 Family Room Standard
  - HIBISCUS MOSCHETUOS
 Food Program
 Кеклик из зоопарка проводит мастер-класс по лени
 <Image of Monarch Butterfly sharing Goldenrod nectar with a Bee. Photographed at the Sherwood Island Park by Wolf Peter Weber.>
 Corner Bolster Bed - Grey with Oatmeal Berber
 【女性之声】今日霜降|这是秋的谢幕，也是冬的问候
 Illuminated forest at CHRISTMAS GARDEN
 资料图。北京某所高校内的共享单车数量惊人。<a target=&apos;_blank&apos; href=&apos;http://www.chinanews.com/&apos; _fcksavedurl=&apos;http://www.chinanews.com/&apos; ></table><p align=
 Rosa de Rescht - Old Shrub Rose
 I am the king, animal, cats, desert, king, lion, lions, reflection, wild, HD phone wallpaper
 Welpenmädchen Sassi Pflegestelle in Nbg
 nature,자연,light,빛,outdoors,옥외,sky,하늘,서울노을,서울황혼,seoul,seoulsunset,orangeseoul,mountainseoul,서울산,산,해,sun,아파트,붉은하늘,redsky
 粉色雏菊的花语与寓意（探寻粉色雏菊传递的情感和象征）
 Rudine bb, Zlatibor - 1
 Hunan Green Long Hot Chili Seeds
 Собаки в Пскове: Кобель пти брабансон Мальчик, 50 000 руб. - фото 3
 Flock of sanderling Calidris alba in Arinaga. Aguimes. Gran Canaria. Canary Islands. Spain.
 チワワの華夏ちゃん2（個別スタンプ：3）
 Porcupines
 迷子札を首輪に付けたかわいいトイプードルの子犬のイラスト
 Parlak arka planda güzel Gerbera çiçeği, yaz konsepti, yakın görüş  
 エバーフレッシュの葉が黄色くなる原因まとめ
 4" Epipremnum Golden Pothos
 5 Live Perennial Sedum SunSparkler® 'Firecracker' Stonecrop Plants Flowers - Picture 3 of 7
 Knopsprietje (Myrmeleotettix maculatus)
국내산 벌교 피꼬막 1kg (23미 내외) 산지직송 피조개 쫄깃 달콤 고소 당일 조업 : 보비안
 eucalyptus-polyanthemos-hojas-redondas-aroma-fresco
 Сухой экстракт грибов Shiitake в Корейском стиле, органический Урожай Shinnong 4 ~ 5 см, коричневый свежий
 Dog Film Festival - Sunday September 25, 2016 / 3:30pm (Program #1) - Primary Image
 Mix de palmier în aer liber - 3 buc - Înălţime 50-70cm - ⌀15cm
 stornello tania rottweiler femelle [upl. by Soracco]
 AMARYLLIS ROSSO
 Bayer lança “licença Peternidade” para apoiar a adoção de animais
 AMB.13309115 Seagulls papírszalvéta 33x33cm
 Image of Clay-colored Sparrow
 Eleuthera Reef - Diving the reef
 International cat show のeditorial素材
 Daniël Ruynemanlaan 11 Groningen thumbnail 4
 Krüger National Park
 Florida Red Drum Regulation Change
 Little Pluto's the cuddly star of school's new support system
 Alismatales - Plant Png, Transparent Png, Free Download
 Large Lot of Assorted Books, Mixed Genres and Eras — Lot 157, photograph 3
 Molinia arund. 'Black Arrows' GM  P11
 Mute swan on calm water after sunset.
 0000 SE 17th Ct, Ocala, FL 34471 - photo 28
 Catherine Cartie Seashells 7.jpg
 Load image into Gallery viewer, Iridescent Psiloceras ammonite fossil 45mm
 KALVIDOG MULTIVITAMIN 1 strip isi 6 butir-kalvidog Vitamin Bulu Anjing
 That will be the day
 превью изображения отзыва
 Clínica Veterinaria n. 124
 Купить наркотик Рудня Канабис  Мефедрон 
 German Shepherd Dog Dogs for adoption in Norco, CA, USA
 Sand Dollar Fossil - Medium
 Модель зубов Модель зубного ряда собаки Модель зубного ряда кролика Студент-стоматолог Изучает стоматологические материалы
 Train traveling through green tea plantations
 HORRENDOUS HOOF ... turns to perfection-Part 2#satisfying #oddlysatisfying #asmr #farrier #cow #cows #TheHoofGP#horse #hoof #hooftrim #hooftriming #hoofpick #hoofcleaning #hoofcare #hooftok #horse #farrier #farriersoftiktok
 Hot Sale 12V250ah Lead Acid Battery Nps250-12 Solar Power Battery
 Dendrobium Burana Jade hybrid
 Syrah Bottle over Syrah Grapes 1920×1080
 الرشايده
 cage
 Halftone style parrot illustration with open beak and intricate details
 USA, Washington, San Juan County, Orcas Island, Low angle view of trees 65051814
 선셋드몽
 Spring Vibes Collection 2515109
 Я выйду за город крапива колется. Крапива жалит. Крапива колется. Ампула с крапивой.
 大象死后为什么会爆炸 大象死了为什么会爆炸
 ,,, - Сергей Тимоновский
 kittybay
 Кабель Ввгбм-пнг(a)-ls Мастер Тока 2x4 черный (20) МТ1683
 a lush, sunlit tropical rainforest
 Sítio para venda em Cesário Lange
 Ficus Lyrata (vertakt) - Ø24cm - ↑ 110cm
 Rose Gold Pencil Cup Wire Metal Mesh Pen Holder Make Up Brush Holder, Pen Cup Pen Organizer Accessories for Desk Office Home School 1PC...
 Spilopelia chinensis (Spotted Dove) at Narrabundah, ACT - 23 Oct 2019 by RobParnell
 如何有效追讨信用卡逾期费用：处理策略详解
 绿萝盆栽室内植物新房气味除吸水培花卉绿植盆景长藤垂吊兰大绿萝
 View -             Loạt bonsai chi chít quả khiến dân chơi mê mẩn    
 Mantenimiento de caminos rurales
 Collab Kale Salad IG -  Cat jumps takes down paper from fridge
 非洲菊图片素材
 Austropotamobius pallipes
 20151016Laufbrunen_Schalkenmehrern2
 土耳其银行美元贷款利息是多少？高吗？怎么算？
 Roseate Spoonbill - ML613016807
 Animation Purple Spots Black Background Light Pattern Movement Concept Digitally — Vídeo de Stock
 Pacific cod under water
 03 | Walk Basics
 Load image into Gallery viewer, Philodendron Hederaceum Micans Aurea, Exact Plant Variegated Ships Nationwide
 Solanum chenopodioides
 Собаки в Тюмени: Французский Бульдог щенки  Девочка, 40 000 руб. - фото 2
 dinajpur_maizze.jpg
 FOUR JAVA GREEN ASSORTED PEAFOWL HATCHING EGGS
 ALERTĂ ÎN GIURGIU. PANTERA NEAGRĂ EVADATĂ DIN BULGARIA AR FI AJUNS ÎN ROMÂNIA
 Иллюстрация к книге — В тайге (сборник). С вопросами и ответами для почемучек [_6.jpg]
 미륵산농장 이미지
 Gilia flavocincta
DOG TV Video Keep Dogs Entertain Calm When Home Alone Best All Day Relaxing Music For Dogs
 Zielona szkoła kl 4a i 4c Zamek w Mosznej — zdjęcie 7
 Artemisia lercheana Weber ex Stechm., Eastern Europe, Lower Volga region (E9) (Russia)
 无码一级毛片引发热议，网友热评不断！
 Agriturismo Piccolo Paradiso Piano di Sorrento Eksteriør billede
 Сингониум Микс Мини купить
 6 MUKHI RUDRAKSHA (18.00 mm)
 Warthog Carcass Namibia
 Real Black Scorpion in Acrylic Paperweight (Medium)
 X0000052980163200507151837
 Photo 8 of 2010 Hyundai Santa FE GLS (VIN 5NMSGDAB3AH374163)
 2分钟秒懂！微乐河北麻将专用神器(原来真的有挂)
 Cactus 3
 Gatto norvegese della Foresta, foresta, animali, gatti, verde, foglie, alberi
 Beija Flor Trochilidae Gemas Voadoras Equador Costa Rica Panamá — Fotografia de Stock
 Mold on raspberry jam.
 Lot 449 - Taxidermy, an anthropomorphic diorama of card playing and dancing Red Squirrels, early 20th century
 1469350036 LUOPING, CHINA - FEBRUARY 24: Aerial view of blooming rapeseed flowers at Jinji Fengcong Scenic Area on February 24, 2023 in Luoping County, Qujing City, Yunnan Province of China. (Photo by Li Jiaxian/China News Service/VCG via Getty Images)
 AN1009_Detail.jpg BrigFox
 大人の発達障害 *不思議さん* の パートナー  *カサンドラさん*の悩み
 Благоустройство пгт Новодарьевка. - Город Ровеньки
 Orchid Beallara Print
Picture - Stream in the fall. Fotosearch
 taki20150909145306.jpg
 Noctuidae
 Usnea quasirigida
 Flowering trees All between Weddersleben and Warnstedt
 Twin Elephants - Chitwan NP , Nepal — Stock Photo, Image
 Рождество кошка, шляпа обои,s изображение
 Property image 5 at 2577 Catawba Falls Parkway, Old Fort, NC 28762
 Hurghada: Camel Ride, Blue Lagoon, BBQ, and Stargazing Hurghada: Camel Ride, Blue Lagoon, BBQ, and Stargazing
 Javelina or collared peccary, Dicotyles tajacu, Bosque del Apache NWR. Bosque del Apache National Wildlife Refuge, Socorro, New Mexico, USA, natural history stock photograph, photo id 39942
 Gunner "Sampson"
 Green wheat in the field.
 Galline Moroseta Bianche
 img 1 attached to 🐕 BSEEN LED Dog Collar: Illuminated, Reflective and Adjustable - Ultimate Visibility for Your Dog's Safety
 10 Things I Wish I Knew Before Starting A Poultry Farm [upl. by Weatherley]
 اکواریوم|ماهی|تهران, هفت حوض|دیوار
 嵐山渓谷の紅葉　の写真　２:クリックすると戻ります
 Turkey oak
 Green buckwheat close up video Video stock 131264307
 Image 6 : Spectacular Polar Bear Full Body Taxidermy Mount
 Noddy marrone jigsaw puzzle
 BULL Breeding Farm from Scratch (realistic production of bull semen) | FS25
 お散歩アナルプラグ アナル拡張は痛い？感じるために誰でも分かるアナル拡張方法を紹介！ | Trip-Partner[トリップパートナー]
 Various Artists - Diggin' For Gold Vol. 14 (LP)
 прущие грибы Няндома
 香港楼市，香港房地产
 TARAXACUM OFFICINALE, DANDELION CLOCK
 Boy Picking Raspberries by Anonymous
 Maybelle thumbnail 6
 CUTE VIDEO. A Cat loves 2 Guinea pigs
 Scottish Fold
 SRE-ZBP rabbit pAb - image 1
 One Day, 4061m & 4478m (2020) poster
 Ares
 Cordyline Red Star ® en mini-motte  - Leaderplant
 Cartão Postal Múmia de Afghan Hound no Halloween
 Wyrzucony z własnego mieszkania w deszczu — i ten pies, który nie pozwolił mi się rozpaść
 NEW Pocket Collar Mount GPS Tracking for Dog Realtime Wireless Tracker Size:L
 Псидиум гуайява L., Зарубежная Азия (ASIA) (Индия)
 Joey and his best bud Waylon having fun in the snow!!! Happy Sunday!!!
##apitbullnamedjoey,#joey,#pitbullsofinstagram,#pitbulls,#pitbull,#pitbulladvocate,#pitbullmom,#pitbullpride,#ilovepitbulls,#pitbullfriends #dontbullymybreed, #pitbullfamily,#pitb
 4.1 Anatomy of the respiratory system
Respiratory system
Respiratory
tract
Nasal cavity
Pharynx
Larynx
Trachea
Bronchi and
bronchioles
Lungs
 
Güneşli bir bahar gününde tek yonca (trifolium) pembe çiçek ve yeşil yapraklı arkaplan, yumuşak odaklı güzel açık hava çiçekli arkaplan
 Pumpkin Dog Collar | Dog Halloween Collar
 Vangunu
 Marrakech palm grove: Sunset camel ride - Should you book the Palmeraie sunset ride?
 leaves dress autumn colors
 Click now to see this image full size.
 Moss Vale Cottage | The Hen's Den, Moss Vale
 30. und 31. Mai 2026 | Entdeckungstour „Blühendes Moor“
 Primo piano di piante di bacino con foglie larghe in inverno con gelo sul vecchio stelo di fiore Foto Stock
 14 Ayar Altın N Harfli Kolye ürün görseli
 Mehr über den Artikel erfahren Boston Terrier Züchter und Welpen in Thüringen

◆ Instructions to follow ◆
Using the data above, extract exactly the lines from the one that holds "Maybelle thumbnail 6" to the one that holds "4.1 Anatomy of the respiratory system", both ends included, and no others.

◆ Output of the exercise ◆
 Maybelle thumbnail 6
 CUTE VIDEO. A Cat loves 2 Guinea pigs
 Scottish Fold
 SRE-ZBP rabbit pAb - image 1
 One Day, 4061m & 4478m (2020) poster
 Ares
 Cordyline Red Star ® en mini-motte  - Leaderplant
 Cartão Postal Múmia de Afghan Hound no Halloween
 Wyrzucony z własnego mieszkania w deszczu — i ten pies, który nie pozwolił mi się rozpaść
 NEW Pocket Collar Mount GPS Tracking for Dog Realtime Wireless Tracker Size:L
 Псидиум гуайява L., Зарубежная Азия (ASIA) (Индия)
 Joey and his best bud Waylon having fun in the snow!!! Happy Sunday!!!
##apitbullnamedjoey,#joey,#pitbullsofinstagram,#pitbulls,#pitbull,#pitbulladvocate,#pitbullmom,#pitbullpride,#ilovepitbulls,#pitbullfriends #dontbullymybreed, #pitbullfamily,#pitb
 4.1 Anatomy of the respiratory system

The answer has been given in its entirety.